West Point’s Combatting Terrorism Center has released a trove of letters written by bin Ladin while he was holed up in the now destroyed compound in Abbottabad, Pakistan.
They depict a person obsessed with media outreach and protecting the Al-Qaida brand from the actions of loose-cannon affiliated terror groups. Bin Laden had a deputy try to find an U.S. outlet to broadcast a speech to the American people on the tenth anniversary of 9/11 to “make known the justice of our cause to the world,” and to separate al-Qaida from more extreme jihadi elements.
A planned Al-Qaida outreach to Christians in Iraqi was aborted only after a militant group bombed a Catholic Church in Baghdad.

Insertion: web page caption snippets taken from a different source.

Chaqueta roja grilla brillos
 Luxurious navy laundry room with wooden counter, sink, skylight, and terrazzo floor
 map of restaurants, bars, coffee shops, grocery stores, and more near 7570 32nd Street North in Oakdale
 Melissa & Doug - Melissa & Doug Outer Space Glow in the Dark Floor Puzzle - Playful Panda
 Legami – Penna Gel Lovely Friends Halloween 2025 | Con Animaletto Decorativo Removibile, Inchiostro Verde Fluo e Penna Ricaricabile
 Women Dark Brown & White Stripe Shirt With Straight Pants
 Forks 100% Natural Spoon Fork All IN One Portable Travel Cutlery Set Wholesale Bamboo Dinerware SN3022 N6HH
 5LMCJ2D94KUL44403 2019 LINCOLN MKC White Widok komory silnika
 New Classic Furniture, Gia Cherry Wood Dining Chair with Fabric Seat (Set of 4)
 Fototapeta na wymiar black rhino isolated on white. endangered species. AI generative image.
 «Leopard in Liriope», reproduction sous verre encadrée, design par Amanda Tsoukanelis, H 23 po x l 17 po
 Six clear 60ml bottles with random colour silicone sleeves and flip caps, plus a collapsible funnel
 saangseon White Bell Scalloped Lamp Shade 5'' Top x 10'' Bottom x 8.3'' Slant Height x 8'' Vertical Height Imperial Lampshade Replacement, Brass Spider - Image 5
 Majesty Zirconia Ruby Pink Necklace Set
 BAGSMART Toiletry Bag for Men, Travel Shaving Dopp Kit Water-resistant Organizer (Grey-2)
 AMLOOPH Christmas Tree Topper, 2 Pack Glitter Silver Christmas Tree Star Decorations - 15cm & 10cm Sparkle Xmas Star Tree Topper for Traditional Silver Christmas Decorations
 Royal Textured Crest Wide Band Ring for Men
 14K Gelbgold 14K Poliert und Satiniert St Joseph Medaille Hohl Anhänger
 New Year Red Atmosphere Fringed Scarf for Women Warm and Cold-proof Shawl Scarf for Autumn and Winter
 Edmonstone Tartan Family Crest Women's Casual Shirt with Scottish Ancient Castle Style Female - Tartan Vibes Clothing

Bin Ladin believed military actions and media releases should be tightly coordinated so that “we do not violate our words with some of our practices.” A sophisticated and coherent media strategy was called a “principal element of the battle.” The terrorist stressed that with the rise of satellite TV “winning the media occupies a greater portion of the battle today.” He was irked after viewing an al-Jazeera profile that contained factual errors about him. Bin Ladin saw the opportunity to use PR to incite “people who have not yet revolted and extort them to rebel against the rulers.”
Even the far-fetched proposal to shoot down the planes of President Obama and/or General Petraeus on their visits to Afghanistan or Pakistan contained an element of PR.
The death of Obama would result in the “utterly unprepared” Vice President Joe Biden assume the president. To bin Laden, that would have triggered a PR crisis in the U.S.